I try to stay at the cutting edge of everything AI, especially when it comes to LLM-enabled development. I've tried GitHub Copilot, Supermaven, and many other AI code completion tools. However, earlier this week I gave a try to locally hosted LLMs and I am not coming back.
Setup
These instructions assume that you are a macOS user.
What about LM Studio? I saw a few posts debate one over the other. LM Studio has intuitive UI; Ollama does not. However, my research led me to belief that Ollama is faster than LM Studio.
Install the model that you want to use.
ollama pull starcoder2:3b
I've evaluated a few and landed on starcoder2:3b. It provides a good balance of usefuless and interference speed.
For context, the following table shows the speed of each model.
Model
tokens/second
starcoder2:3b
99
llama3.1:8b
54
codestral:22b
21
Finally, install a continue.dev – a VSCode extension that enables tab completion (and chat) using local LLMs.
Then update continue.dev settings to use the desired model.

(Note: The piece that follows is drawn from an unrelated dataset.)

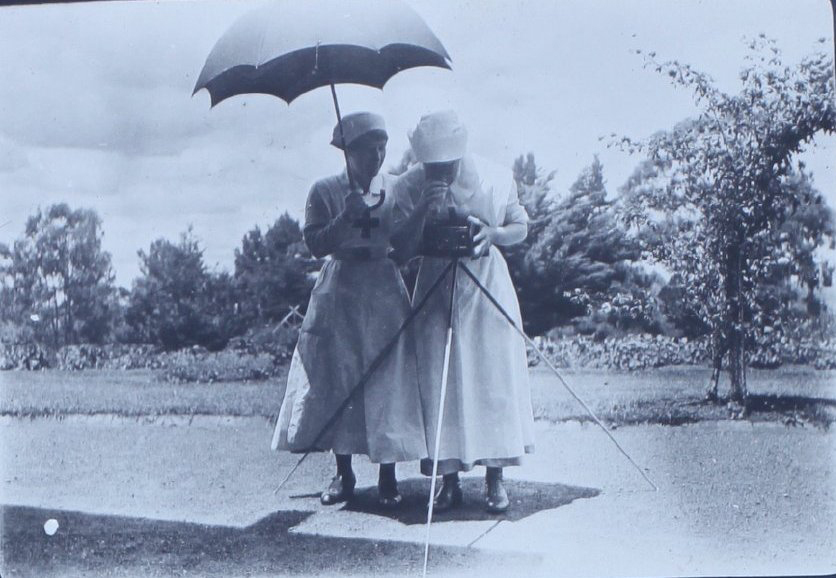 Two nurses under an umbrella with a camera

Ensure that you've disabled GitHub Copilot and other overlapping VSCode extensions.
How to use it?
We all know how auto-completion works. However, there are a few shortcuts that are worth memorizing:
Accept a full suggestion by pressing Tab
Reject a full suggestion with Esc
For more granular control, use cmd + → to accept parts of the suggestion word-by-word.
Pros and Cons
Pros
Offline Availability: Work anywhere without relying on an internet connection.
Privacy: Your code and prompts never leave your machine, ensuring maximum data privacy.
Customization: Ability to fine-tune models to your specific needs or codebase.
No Subscription Costs: Once set up, there are no ongoing fees unlike many cloud-based services.
Consistent Performance: No latency issues due to poor internet connection or server load.
Open Source: Many local LLMs are open-source, allowing for community improvements and transparency.
Cons
Initial Setup Time: Requires some time and technical knowledge to set up properly.
Hardware Requirements: Local LLMs can be resource-intensive, requiring a reasonably powerful machine.
Limited Model Size: Typically, local models are smaller than their cloud-based counterparts, which might affect performance for some tasks.
Manual Updates: You need to manually update models and tools to get the latest improvements.
Closing Thoughts
I was hesitant to adopt local LLMs because services like GitHub Copilot "just work." However, as I've been traveling the world, I found myself often regretting having to depend on Internet connection for my auto completions. In that sense, switching to a local model has been a huge win for me. If Internet connectivity was not issue, I think services like Supermaven are still very appealing and worth the cost.
If you are not familiar with Supermaven and if you are Okay with depending on Internet connection, then it's worth checking out. Compared to GitHub Copilot, I found Supermaven's auto completion to be much more reliable and much faster.
However, if you are like me and want your code completion to work with or without an Internet connection, then this is definitely worth a try.